Zero Trust is one of the most discussed security paradigms in modern IT — and one of the most misunderstood. If you work on security engineering, cloud architecture, or compliance, you will encounter its vocabulary constantly in documentation, audits, vendor conversations, and architecture reviews.
This guide explains the 30 most important Zero Trust terms in plain English, with pronunciation notes, usage examples, and context to help you use them confidently.
The Core Philosophy
Before the vocabulary, understand the principle. Zero Trust is built on one idea:
“Never trust, always verify.”
The traditional security model assumed that anything inside the corporate network was safe. Zero Trust rejects that assumption entirely. Every request — from every user, device, and service — must be authenticated and authorised, regardless of where it originates.
Foundational Zero Trust Vocabulary
1. Identity-Centric Perimeter
Pronunciation: /aɪˈdentɪti ˈsentrɪk ˈperɪmɪtə/
In traditional security, the perimeter was the network boundary (firewall, VPN). In Zero Trust, the perimeter moves to the identity — the user, device, or service making the request. Access decisions are based on who you are, not where you are.

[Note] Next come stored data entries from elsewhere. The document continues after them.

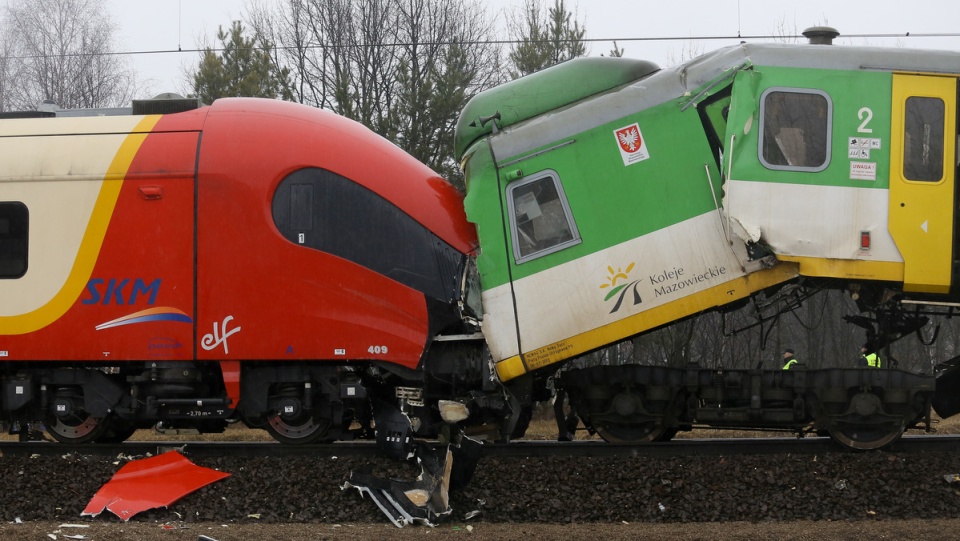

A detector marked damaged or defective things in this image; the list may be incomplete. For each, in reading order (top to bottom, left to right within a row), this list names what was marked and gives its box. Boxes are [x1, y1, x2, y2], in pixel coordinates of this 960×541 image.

broken train window [760, 87, 828, 171]
broken train window [506, 169, 580, 262]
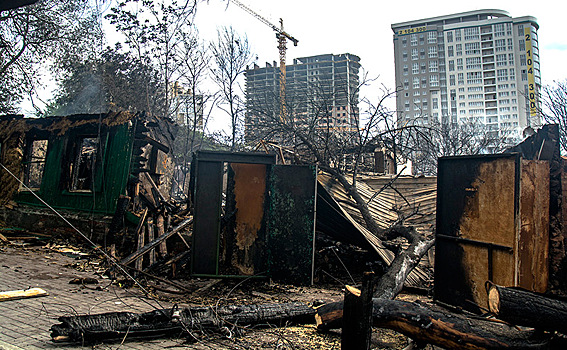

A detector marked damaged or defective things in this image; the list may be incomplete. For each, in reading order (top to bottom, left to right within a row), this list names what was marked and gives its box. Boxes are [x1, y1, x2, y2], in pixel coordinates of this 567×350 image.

burned wooden house [0, 110, 176, 250]
burned fence panel [434, 154, 552, 314]
burnt wooden post [340, 272, 374, 348]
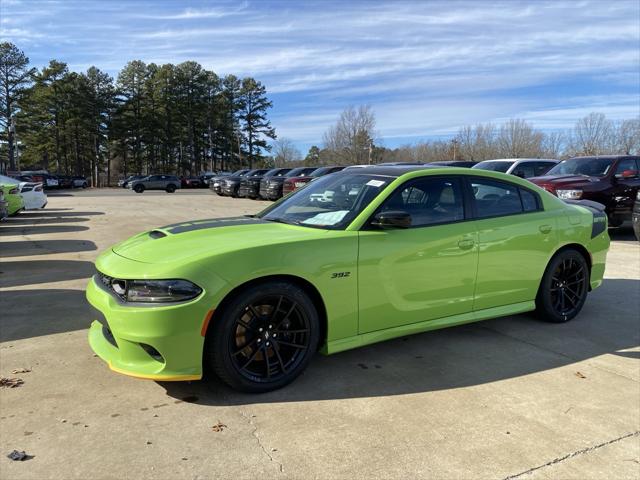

Usage: “We’ve shifted from a network-centric to an identity-centric perimeter, which means VPN is no longer our primary control.”
2. Microsegmentation
Pronunciation: /ˌmaɪkrəʊˌseɡmenˈteɪʃən/
Dividing a network into small, isolated segments so that even if an attacker gains access to one segment, they cannot move laterally to others. Think of it as internal firewalls between every workload.
Usage: “Our microsegmentation policy ensures that the payment service can only communicate with the authorisation service — nothing else.”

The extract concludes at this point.